══ Dataset records
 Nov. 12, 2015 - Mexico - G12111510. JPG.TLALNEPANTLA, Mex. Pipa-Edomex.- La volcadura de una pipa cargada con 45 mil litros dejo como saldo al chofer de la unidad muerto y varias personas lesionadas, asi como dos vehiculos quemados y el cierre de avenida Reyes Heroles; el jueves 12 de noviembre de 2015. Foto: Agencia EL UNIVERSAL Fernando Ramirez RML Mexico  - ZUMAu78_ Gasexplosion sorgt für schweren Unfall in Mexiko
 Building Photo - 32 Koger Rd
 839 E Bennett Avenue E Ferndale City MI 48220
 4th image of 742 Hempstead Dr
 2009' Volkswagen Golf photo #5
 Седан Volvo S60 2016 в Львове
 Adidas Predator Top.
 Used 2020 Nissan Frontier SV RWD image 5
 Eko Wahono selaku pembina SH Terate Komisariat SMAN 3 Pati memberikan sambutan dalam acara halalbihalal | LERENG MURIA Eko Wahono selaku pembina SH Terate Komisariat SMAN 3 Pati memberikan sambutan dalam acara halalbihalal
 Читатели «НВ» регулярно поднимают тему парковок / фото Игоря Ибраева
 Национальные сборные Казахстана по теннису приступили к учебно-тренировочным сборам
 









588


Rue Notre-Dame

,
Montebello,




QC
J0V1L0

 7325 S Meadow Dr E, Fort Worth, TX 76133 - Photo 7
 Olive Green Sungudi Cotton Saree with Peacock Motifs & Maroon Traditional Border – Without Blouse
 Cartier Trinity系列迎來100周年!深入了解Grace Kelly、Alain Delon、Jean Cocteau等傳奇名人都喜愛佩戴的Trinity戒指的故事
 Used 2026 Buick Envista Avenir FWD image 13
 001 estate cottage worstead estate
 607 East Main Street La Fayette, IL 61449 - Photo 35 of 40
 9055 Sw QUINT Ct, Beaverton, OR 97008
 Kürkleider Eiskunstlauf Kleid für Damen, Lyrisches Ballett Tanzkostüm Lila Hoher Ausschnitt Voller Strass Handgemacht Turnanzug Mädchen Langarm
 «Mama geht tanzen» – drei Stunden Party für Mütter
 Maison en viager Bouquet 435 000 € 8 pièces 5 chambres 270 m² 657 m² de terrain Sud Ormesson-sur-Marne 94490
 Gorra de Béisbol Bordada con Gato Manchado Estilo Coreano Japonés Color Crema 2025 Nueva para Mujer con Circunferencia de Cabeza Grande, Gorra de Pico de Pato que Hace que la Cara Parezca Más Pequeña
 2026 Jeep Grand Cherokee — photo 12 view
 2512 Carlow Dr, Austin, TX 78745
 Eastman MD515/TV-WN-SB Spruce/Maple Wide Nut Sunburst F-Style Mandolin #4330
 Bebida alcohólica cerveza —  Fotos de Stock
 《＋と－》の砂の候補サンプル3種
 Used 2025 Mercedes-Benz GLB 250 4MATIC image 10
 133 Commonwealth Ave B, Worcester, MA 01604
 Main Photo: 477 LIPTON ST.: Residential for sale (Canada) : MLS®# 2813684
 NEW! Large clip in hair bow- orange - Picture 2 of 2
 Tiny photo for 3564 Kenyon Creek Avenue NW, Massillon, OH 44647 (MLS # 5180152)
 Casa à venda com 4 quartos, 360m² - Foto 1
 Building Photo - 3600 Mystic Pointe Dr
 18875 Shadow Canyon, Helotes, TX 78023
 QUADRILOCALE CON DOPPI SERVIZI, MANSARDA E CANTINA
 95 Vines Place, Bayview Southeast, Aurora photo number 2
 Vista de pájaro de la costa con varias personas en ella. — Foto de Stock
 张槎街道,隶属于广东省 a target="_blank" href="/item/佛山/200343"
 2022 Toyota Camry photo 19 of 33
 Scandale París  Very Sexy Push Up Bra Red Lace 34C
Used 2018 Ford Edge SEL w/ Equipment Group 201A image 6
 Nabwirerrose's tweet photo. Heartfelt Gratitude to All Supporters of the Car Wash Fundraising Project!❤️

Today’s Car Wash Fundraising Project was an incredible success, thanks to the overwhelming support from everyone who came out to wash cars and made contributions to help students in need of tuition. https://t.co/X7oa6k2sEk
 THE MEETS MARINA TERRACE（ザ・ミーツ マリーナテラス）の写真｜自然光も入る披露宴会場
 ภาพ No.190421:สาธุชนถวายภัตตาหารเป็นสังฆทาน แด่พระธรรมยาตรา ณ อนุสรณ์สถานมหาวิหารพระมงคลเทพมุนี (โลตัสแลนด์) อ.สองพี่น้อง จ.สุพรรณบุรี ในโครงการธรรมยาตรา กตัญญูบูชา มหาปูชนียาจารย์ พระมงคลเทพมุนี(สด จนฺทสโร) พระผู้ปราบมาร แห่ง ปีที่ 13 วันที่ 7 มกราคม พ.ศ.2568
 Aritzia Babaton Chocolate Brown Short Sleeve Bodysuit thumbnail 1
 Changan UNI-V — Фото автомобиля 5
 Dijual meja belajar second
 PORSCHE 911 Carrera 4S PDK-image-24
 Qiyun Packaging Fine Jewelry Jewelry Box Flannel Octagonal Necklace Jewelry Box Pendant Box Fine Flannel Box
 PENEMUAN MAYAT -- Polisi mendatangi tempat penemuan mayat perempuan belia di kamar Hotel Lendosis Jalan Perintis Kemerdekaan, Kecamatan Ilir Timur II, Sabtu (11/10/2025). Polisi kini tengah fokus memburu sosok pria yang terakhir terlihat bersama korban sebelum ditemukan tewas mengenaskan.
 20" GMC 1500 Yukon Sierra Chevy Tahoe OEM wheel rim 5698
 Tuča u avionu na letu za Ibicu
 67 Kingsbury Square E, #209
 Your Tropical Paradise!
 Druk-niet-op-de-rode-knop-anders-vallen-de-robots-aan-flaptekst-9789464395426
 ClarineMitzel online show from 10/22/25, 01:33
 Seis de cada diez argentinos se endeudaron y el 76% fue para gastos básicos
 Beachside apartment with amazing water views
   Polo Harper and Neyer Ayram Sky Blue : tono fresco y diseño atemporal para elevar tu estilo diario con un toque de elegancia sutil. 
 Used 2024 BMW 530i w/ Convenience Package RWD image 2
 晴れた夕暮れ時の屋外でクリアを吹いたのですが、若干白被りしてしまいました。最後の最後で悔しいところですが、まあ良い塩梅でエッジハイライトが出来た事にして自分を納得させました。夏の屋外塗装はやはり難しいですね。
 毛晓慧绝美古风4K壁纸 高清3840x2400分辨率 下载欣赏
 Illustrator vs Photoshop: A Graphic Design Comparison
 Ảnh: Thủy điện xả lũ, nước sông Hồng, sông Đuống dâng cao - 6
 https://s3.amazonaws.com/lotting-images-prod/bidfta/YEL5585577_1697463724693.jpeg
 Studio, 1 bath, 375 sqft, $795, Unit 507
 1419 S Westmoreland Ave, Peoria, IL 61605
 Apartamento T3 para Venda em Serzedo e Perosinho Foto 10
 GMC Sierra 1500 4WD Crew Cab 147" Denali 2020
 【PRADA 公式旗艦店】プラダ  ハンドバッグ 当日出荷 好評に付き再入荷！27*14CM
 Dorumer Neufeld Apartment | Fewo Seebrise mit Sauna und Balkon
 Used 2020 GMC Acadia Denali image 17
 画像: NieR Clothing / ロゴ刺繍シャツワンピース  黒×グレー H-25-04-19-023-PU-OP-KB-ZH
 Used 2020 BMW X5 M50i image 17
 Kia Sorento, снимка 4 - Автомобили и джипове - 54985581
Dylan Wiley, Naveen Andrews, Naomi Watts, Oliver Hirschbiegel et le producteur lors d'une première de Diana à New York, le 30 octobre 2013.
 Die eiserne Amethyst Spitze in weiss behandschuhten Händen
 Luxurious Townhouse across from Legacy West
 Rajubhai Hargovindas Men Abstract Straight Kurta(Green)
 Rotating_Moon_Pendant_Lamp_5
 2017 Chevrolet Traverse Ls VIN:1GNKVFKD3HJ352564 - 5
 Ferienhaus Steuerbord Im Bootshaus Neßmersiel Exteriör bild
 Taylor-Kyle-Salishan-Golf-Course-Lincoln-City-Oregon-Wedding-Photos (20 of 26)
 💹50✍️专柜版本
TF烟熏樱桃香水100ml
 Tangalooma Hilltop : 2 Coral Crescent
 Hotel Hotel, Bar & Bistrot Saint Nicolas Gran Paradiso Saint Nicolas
════
Work task =
In the data above, each line holding "Building" is to be found and copied.

Your solution =
 Building Photo - 32 Koger Rd
 Building Photo - 3600 Mystic Pointe Dr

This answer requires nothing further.